Hacksaw Ridge - EUA, 2016

Direção: Mel Gibson
Roteiro: Andrew Knight e Robert Schenkkan
Elenco: Andrew Garfield, Teresa Palmer, Sam Worthington, Hugo Wearving, Vince Vaughn e Rachel Griffiths.


Sinopse: Desmond Doss é um jovem religioso que se alista no exército em plena Segunda Guerra Mundial no intuito de salvar vidas, mas com uma condição: não tocar em armas. 

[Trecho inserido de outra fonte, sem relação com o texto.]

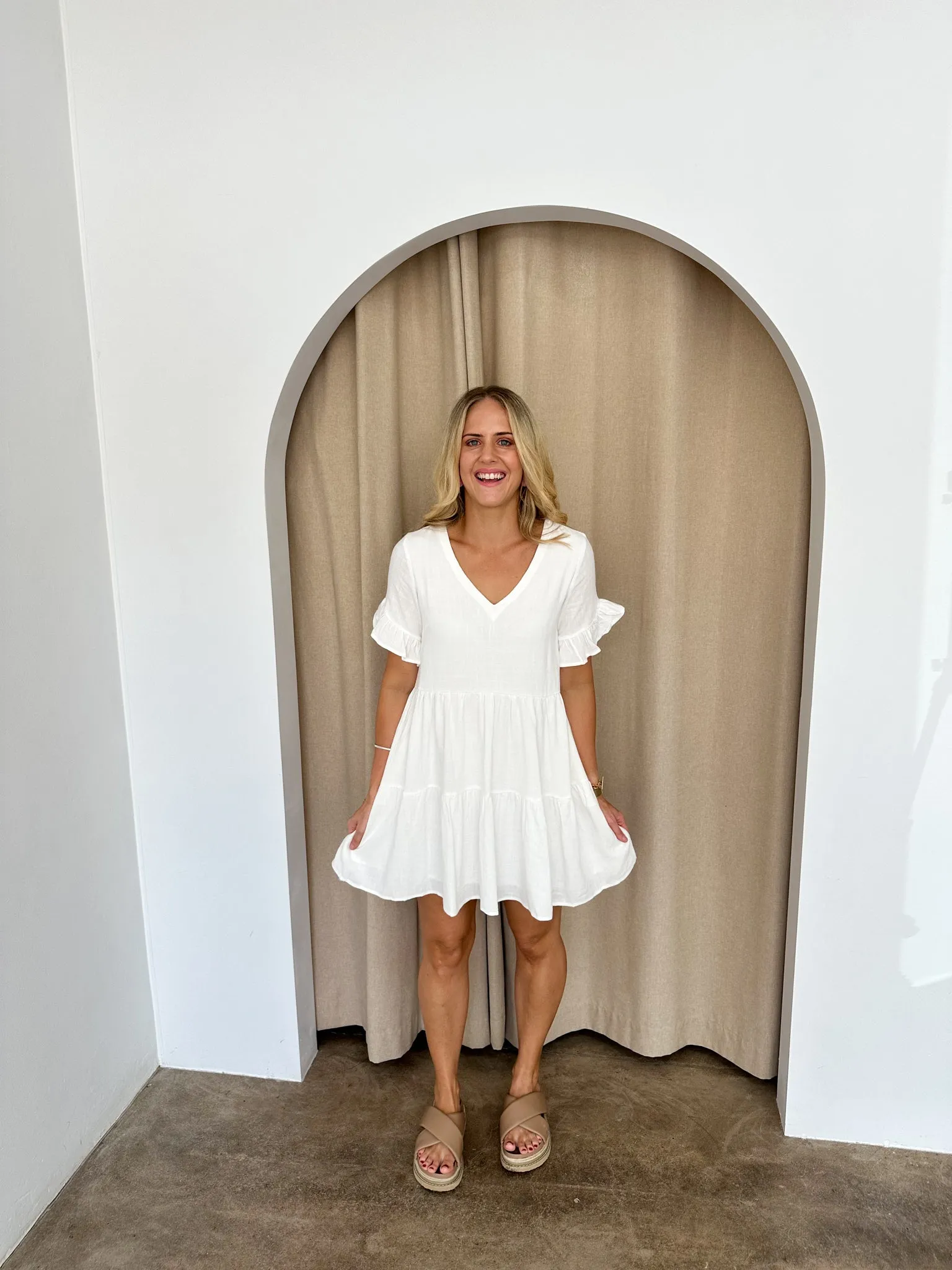Bailey Dress -White
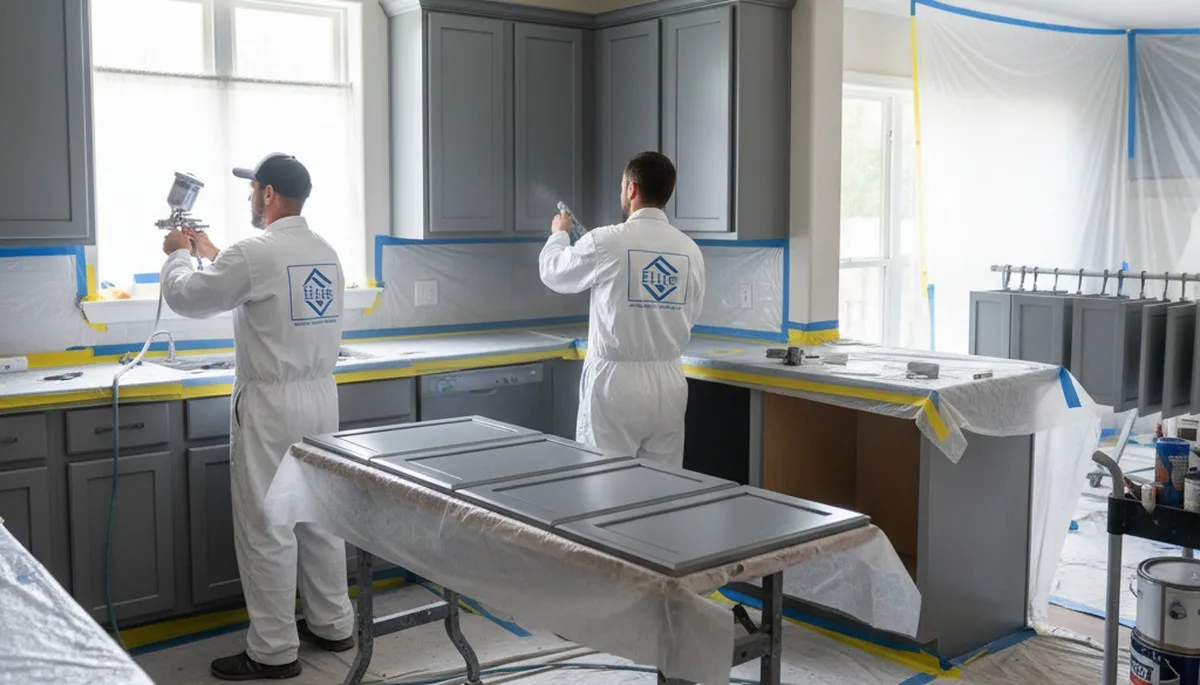 Long Beach, CA cabinet painting for durable coastal kitchen finishes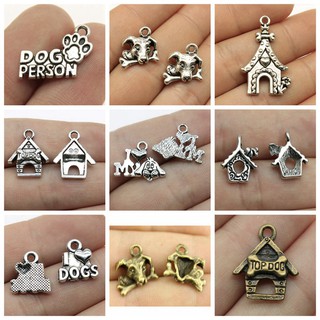 I Love Dogs Charms สําหรับทําเครื่องประดับแฮนด์เมด Diy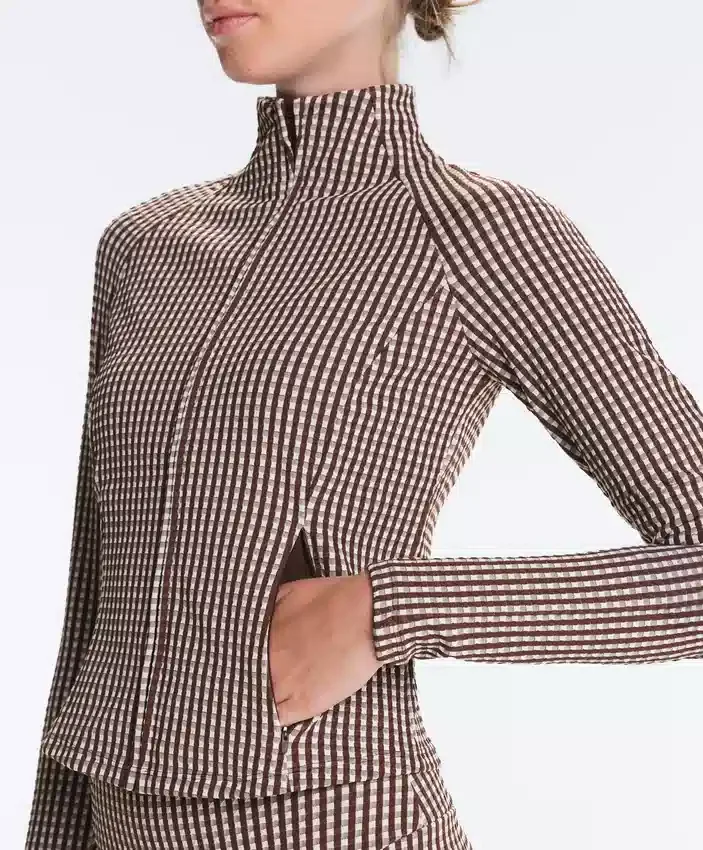 Chaqueta técnica de cuadros vichy Chaqueta técnica de cuadros vichy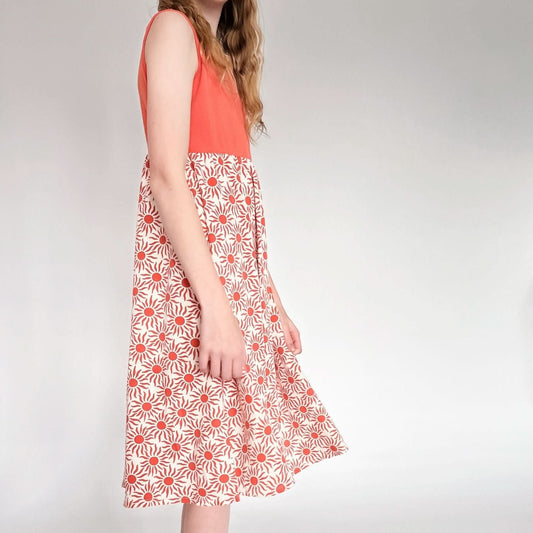 Youth Bamboo Square Neck Midi Dress | Sunkissed-1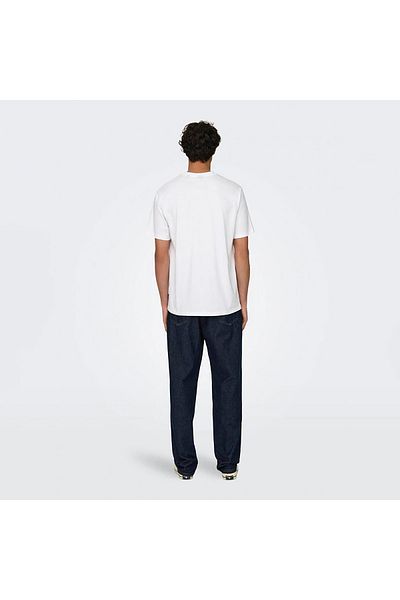 Only & Sons Onlevi Life - Reg Text SS Tee, Noos White 22028147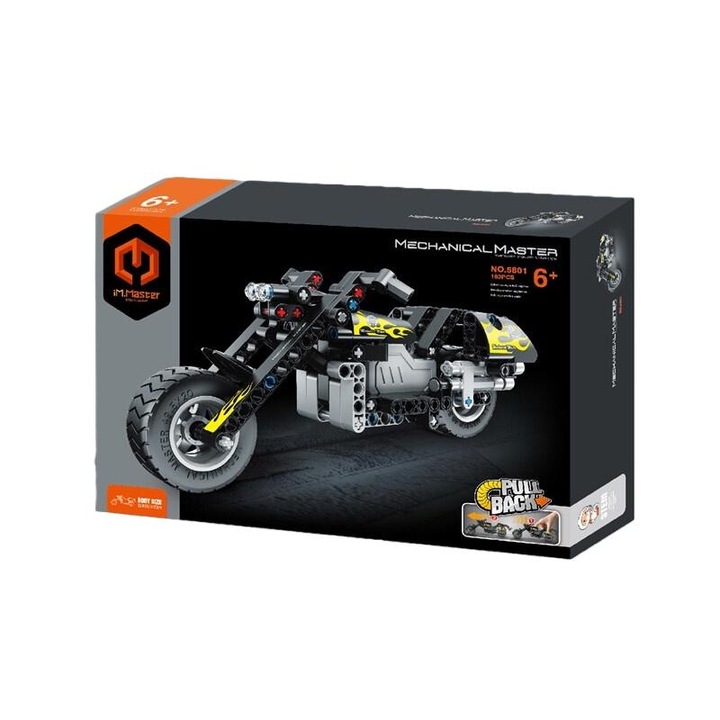 Set de constructie IM.MASTER, Motocicleta, 183 piese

Já no início de Até O Último Homem vemos o protagonista fazendo uma oração e não é difícil de imaginar que uma história onde a religião aliada ao contexto de violência seria um roteiro ideal para Mel Gibson. Pouco mais de 10 anos sem dirigir um filme, Gibson agora tem a oportunidade trazer uma história de redenção frente a um ambiente brutal que foi a Segunda Guerra.  

Redenção, aliás, que acaba se referindo ao próprio diretor que nos últimos anos foi acusado de violência doméstica, alcoolismo, declarações racistas etc. Mas o que fica claro que mesmo adotando o discurso da não violência e da fé irrestrita na sua religião, Gibson acaba utilizando da própria violência gráfica e da entrega ao ideal religioso que compôs em A Paixão De Cristo.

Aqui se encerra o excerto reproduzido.